Genitourinary Cancer -14 – Kidney
Genitourinary Cancer – 14
(All the articles published in past are available at www.shyamhemoncclinic.com/blog/)
Question: Thank you Chiragbhai for important points related to kidney cancer: 1. Many presenting now as incidental finding on a sonography done for some other reason. Results are excellent when treated at this stage. 2. Patients do not always present with classical symptoms of blood in urine or pain in abdomen. May present with other nonspecific symptoms. 3. Known risk factors include tobacco smoking, obesity. Kidney stones are NOT a risk factor. 4. Majority are histologically Renal Cell Carcinoma. Most patients with localized disease, in operable stage, do not need a biopsy. Partial or complete removal of kidney can be done without biopsy.
Can you tell us more about treatment?
Answer: Kidney cancer has excellent results in early stages, especially stage 1. Most of the time these are detected incidentally, as discussed last time. Surgery is curative in over 90% of these cases. In fact, results are so good that now most of these patients are treated by partial nephrectomy (removing part of kidney) rather than complete kidney removal. For decades, radical nephrectomy (removing whole kidney) has been the standard of care. Even today, only specialized centers practice partial nephrectomy. Partial nephrectomy has been shown to provide equivalent risk of cancer free survival, as radical surgery. However, partial surgery provides better kidney function in long term and less cardiovascular mortality. THIS IS IMPORTANT for our readers to know, since more and more patients now undergo sonography for various reasons, and thus small incidental tumors are detected more frequently. Large majority of these patients do not need complete kidney removal.
Stage 2, 3 tumors also have fairly good results with good surgery. Today, with improvement in surgical techniques and availability of good cardiovascular surgical teams, even patients with tumor extending in vena cava or atrium can be resected. Mortality of this procedure is higher, but at least it provides a fairly good chance of cure, compared to no surgery.
Routine lymph node dissection is not indicated. However, those with obvious enlarged nodes should have lymph nodes removed.
Que: What are the advances in surgery? Now that we have laparoscopic and robotic surgery available in our region, how much improvement in survival is seen with these techniques?
Ans: Good point. Yes these techniques are available, with some advantages. Unfortunately, they do NOT improve survival, compared with standard open surgery technique. That means it does not cure more patients, or does not prolong life more than what the open surgery provides. It is same. New techniques allow shorter hospital stay and a smaller incision. In fact, readers should know that it is more important to find a good, experienced surgeon, than a hospital who offers new techniques. Experience with new techniques is also critical, as improper use of these minimally invasive surgical techniques can actually lead to shorter life or less cure. This has been seen in multiple cancers, most recently published in October 2018 NEJM for cervix cancer. Two good studies showed less cure, less survival with laparoscopic or robotic surgery. NEJM is one of the top journals in world.

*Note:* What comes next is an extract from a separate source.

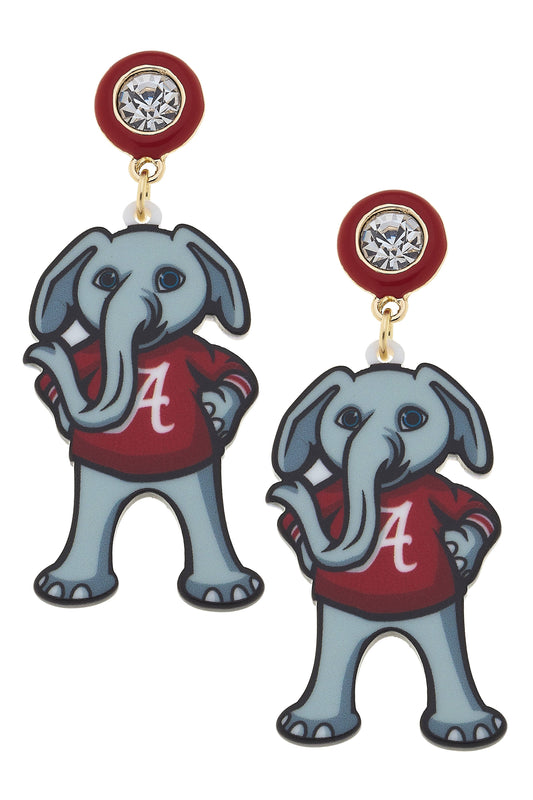 Alabama Big Al Resin Mascot Earrings in Red/Grey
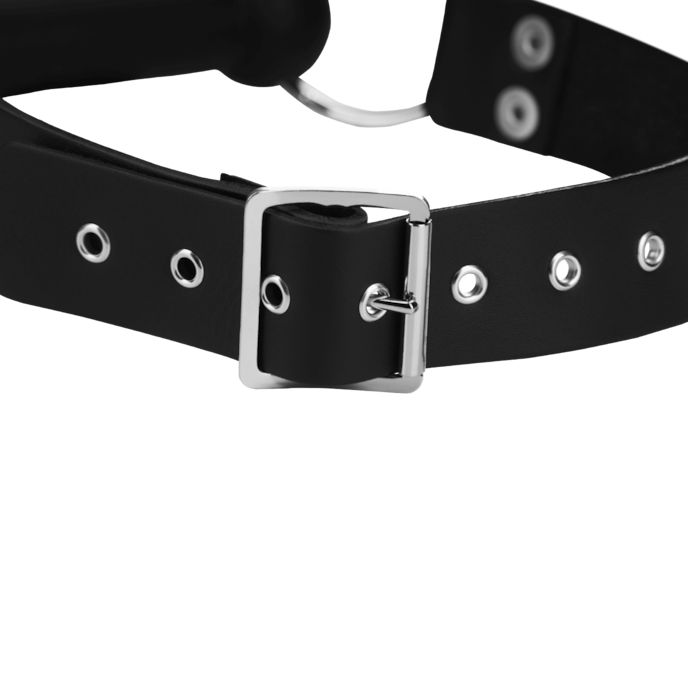 bâillon-avec-laisse-Argent-Noir-3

Thus it is important not to jump to a new technique of minimally invasive surgery, especially when it comes to cancer. For most other cancers too, these new techniques have been shown at best to be equivalent in survival, but not better. Again IMPORTANT FOR OUR READERS, as new techniques cost significantly more, frequently two to three times more than the standard open surgery.
Que: Can you comment on the role of observation for very small tumors?
Ans: Good question. Since a number of tumors are detected incidentally, frequently we come across cases where tumor is very small, such as about 1 cm or smaller. In general, these patients should also be operated with a partial nephrectomy. However if patient is very old or has serious comorbidities that make surgery high risk, observation is an option, with close monitoring by serial imaging. Some experts offer cryoablation or radiofrequency ablation to these patients. Also, it is important to remember that all small tumors are not malignant.
Que: What is the role of chemotherapy or other adjuvant therapy after surgery?
Ans: A number of studies have been done using interferon alpha, interleukin, and more recently sunitnib, sorafenib, pazopanib in this setting. Unfortunately, so far there is no good data to recommend any option strongly, even in high risk patients. One study, S-TRAC, with adjuvant sunitinib showed improvement in disease free survival but not overall survival. But another study, ASSURE, using same drug did not show even DFS improvement. Hence it remains controversial at best. It is also very expensive, and frequently not so well tolerated for such a long course. Chemotherapy in general is not too effective in kidney cancer. November 11th 2018.